Anlatı Roman, öykü, oyun, masal gibi türlerde bir olay dizisini yazınsal biçimde anlatma eylemi.
Anlatım Duygu ve düşüncelerin sözlü ya da yazılı ifadesidir. Edebiyatta daha çok yazılı anlatım için kullanılır. Anlatımın aracı sözcüklerdir. Sözcüklerin dilbilgisi kullarına uygun olarak sıralanmasıyla anlatım ortaya çıkar. Edebiyatta anlatım genel olarak iki türde yapılır. Biri nesir (düzyazı) diğeri nazım (şiir).
Anlatım Biçimi Bir yazarın herhangi bir konu hakkında dilin bütün imkânlarını kullanarak ortaya koyduğu ifade tarzı, üslup.
Anlatımcılık Sanat ve edebiyatı sanatçının kişiliğini temel alarak açıklamaya çalışan kuram. Bu kavrama göre bir duygunun varolabilmesi; onun dile getirilmesine bağlıdır ve dille biçimlendirilmemiş bir duygunun varlığından söz edilemez.
Anonim Şiir Zaman içerisinde söyleyeni unutulmuş, dilden dile aktarılan, çoğu zaman ezgili, sade bir dille söylenmiş halk şiiri örnekleri.

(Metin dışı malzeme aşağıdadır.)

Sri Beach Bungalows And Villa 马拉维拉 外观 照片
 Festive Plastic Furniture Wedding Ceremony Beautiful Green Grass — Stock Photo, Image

Antoloji Gerçek sanat eseri değerindeki örneklerin bir araya getirildiği derleme yapıtlar. Yunanca anthos (çiçek) ve legein (toplama) sözcüklerinden türemiştir. Batı'da ilk örneklerini Yunanlılar verdi. Gadaralı Meleagros ile Makedonyalı Filippos'un Stephanos (Çelenk) isimle derlemeleri ilk antolojidir. Türkçe'deki ilk antoloji ise Ömer bin Mezid'in 1436'da yaptığı Mecmuatü'n Nezâir'dir. 83 şairin 397 şiirini kapsayan bu antolojiyi Prof. Dr. Mustafa Canpolat 1978'de Latin harfleriyle yayımlamıştır. Tanzimat Döneminde Ziya Paşa'nın yazdığı Harabat adlı eser divan şiirlerinden oluşmuş bir antolojidir.

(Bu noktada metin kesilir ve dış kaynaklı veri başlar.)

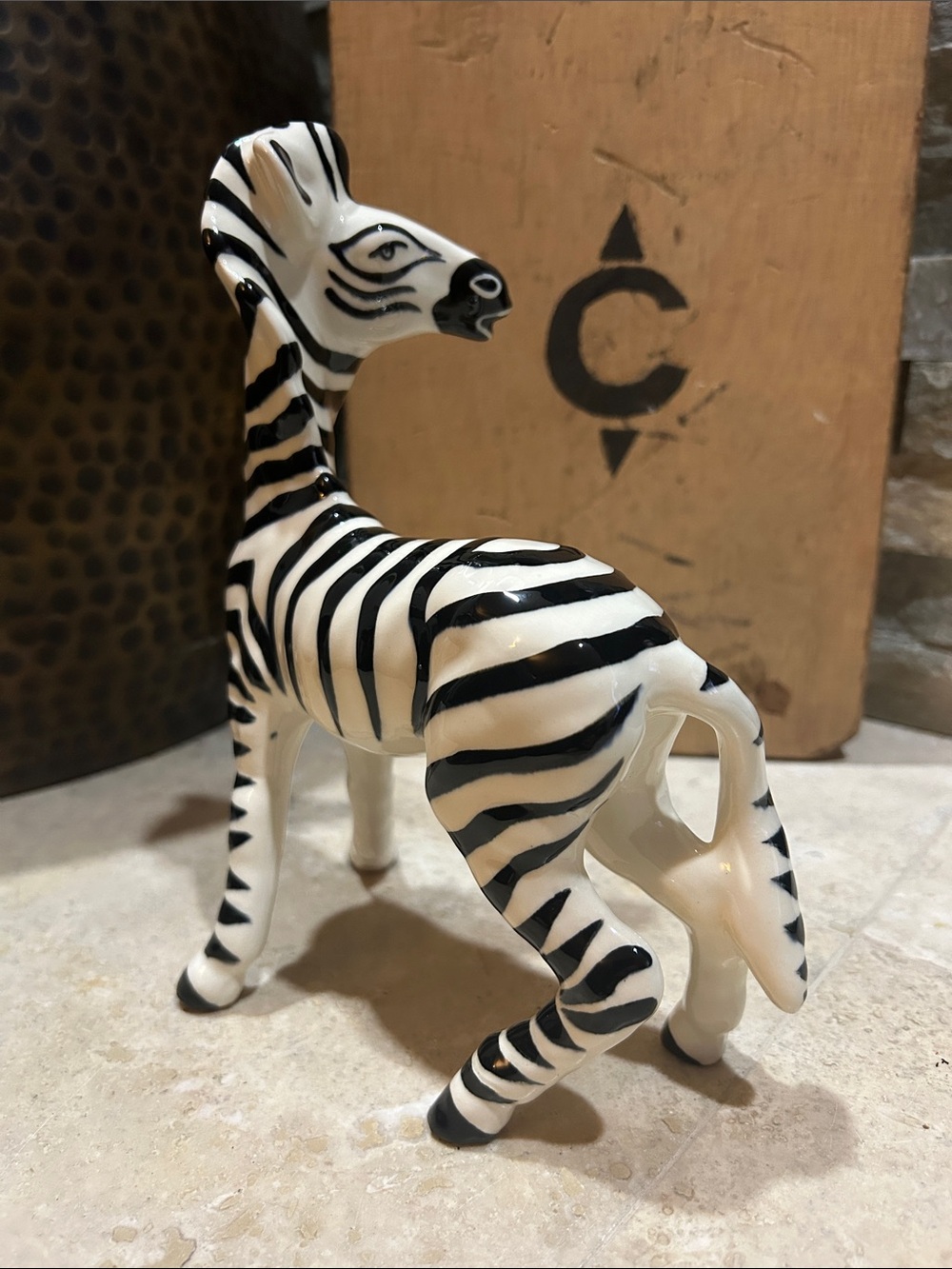 vintage Robert Simmons Pottery zebra figurine named "Zig” - Picture 3 of 11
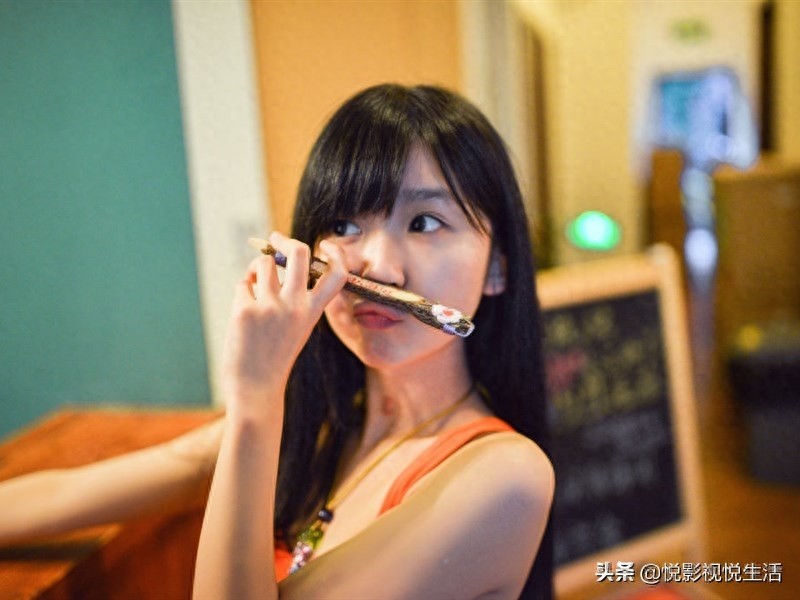 凭借清风拂面走红网络的宋伊人,突显少女气质,演技引网友称赞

Antonim Ters anlamlı sözcükler. Sıcak-soğuk, iyi-kötü, acı-tatlı, kısa-uzun, güzel-çirkin gibi.
Apostrof Kesme işareti. Özel isimleri eklerinden ayırmak için (Ali'nin kalemi), sözcükteki düşen bir harfi belirtmek için (n'olur=ne olur), sözcüğün ekiyle karışmaması için (kola'nı içtin mi) kullanılır.
Araçsız Üslup Bir fikri, bir duyguyu söyleyenlerden doğrudan doğruya aktarmak. Monolog ve diyaloglar araçsız üslup örnekleridir.
Argo Kullanılan ortak dilden ayrı olarak aynı meslek veya topluluktaki insanların kullandığı özel dil veya söz dağarcığı, jargon.
Arkaizm
1- Bir anlatıda dilden kaybolmuş ya da geçerliliğini yitirmiş sözcüklere ya da sözdizimlerine yer verme sanatı.
2- Bir dilin eskimiş sözcüklerini ya da cümle kuruluşlarını kullanarak edebi eser yaratma. Bu eserlere arkaik denir.
Artıklama Sözü ya da yazıyı gereksiz yere uzatma durumu.
Aruz Hecelerin uzunluk ve kısalık, kapalılık veya açıklık değerlerine göre, türlü ses kalıplarından oluşan divan şiiri nazım ölçüsü. Daha çok Divan Edebiyatı'nda kullanılır.